Is np-complete an equivalence class?

Question

So, there are multiple possible definitions of "np-complete", two of which being:

1. A decision problem $L$ is np-complete if and only if: $L \in \text{NP}$ and $\forall L' \in \text{NP}: L' \preceq_{p} L$

2. A decision problem $L$ is np-complete if and only if: $L \in \text{NP}$ and there exists a np-complete problem $L \in \text{NP}$ such that: $L' \preceq_{p} L$

My question is, why are those two definitions equivalent, or put differently, (why) is np-complete an equivalence class?

If it is an equivalence class I can understand equivalence of the above two definitions, but I fail to see why this is the case, since the (one-to-many) poly-time reduction $\preceq_{p}$ is not symmetric... :-/

Answer 1

The second definition isn't valid, since it's self-referential. Given the first definition, the second statement is an easy theorem that follows from the first definition.

Indeed, suppose we define NP-completeness using the first definition. Let's see that the second definition is true.

$\Longrightarrow$ If $L$ is NP-complete then for all $L'$ in NP, $L'$ reduces to $L$. In particular, SAT reduces to $L$. Since SAT is NP-complete by Cook's theorem, there exists an NP-complete problem $L'$ (namely SAT) that reduces to $L$.

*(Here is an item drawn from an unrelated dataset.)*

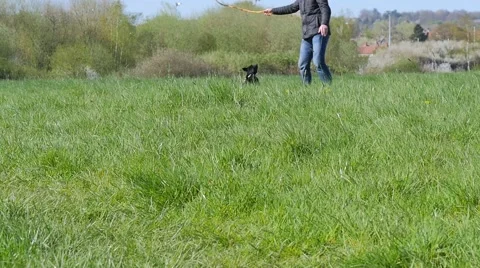 Dog playing in the park Stock-Footage 49238761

$\Longleftarrow$ Suppose $L$ is in NP and some NP-complete problem $L'$ reduces to $L$. We will show that every problem $M$ in NP reduces to $L$, and so $L$ is NP-complete. Given a problem $M$ in NP, since $L'$ is NP-complete, $M$ reduces to $L'$. Since $L'$ reduces to $L$, $M$ also reduces to $L$, and we're done.

The proof used two properties: (1) there exists some NP-complete problem, (2) reducibility is transitive: if $A$ reduces to $B$ and $B$ reduces to $C$ then $A$ reduces to $C$.

Finally, any two NP-complete problems reduce to each other (via the definition), and in this sense they form an equivalence class of the reduction relation.